*** Opening of DATA LISTING ***
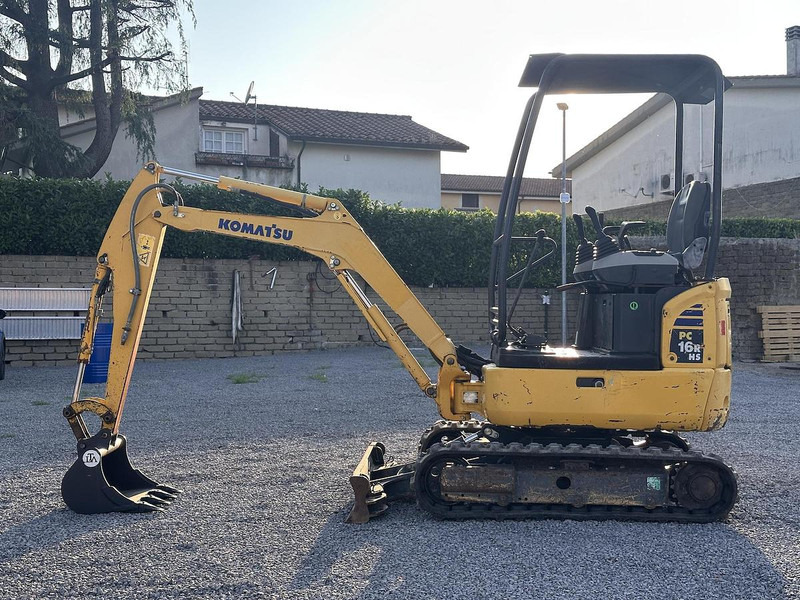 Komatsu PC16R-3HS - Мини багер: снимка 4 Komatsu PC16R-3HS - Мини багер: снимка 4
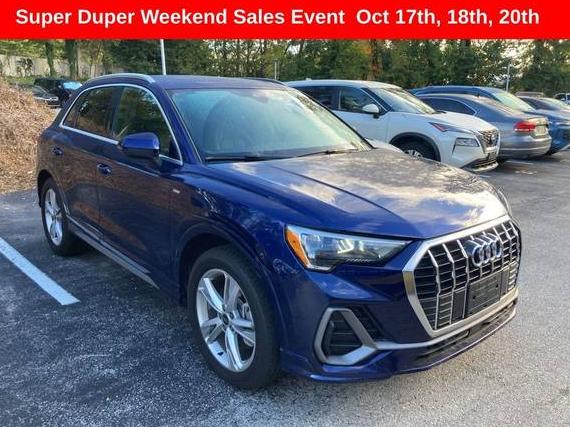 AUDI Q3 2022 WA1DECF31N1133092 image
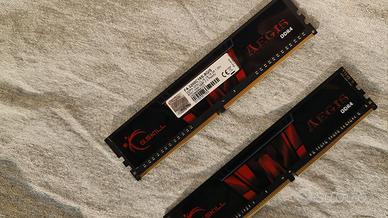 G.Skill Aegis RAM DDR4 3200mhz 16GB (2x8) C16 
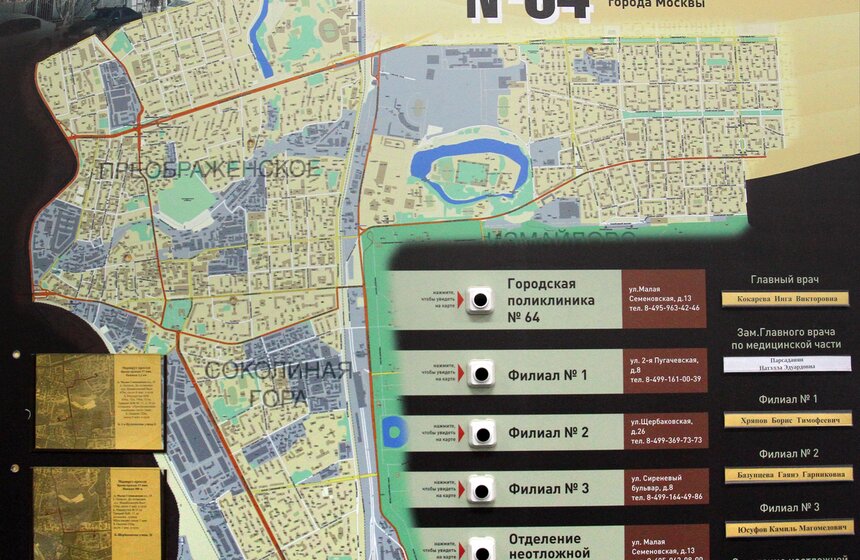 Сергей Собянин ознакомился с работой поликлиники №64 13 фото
*** Close of DATA LISTING ***
*** Opening of DATA LISTING ***
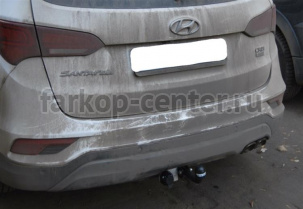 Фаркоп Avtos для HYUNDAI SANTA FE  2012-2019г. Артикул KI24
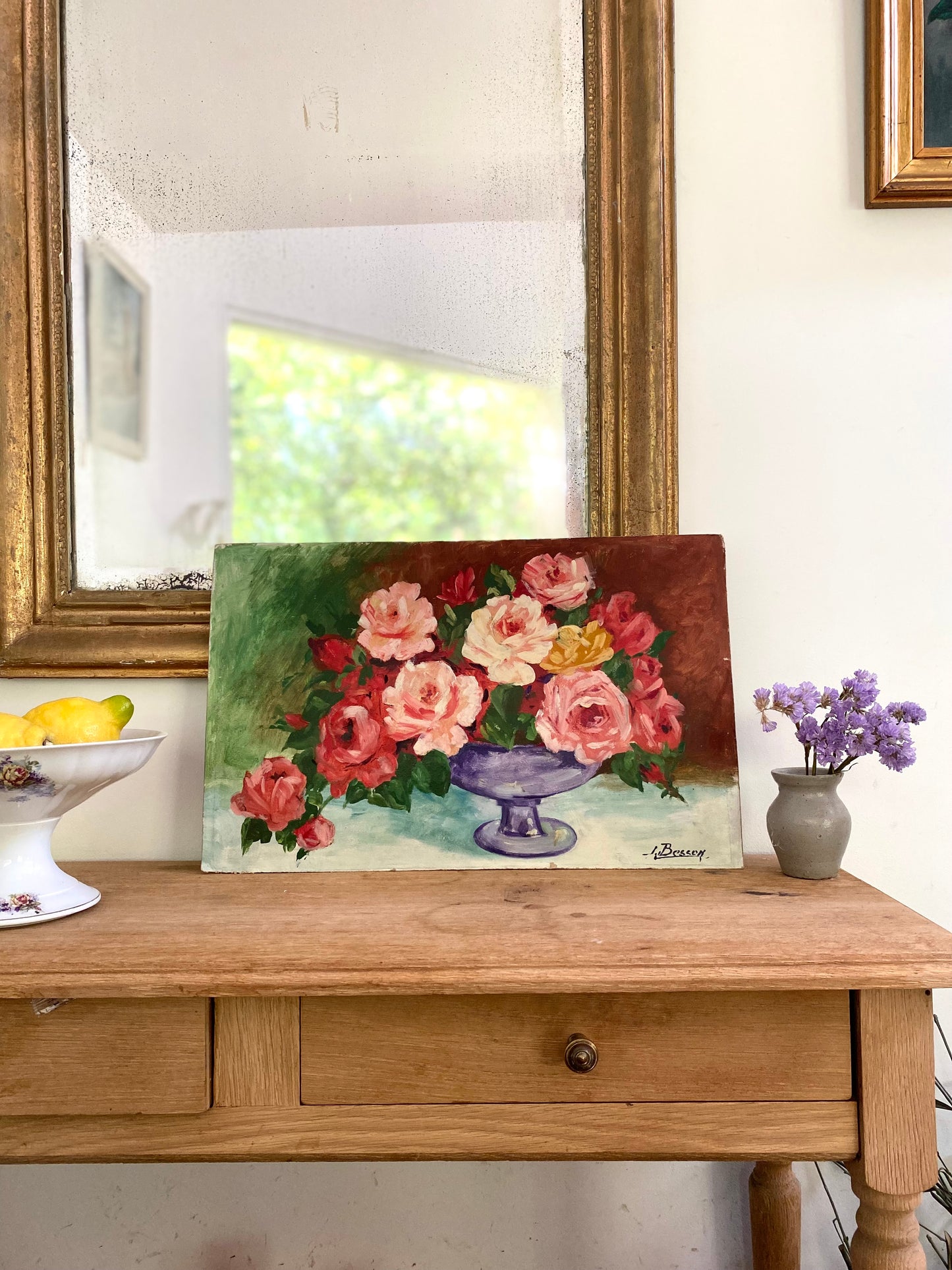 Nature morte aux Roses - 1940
*** Close of DATA LISTING ***
TASK DESCRIPTION: Using the records above, return verbatim only the part that opens with the line containing "Komatsu PC16R-3HS - Мини багер: снимка 4 Komatsu" and closes with the line containing "Сергей Собянин ознакомился"; pictures stay out.

ANSWER TO THIS PROBLEM:
 Komatsu PC16R-3HS - Мини багер: снимка 4 Komatsu PC16R-3HS - Мини багер: снимка 4
 AUDI Q3 2022 WA1DECF31N1133092 image
 G.Skill Aegis RAM DDR4 3200mhz 16GB (2x8) C16 
 Сергей Собянин ознакомился с работой поликлиники №64 13 фото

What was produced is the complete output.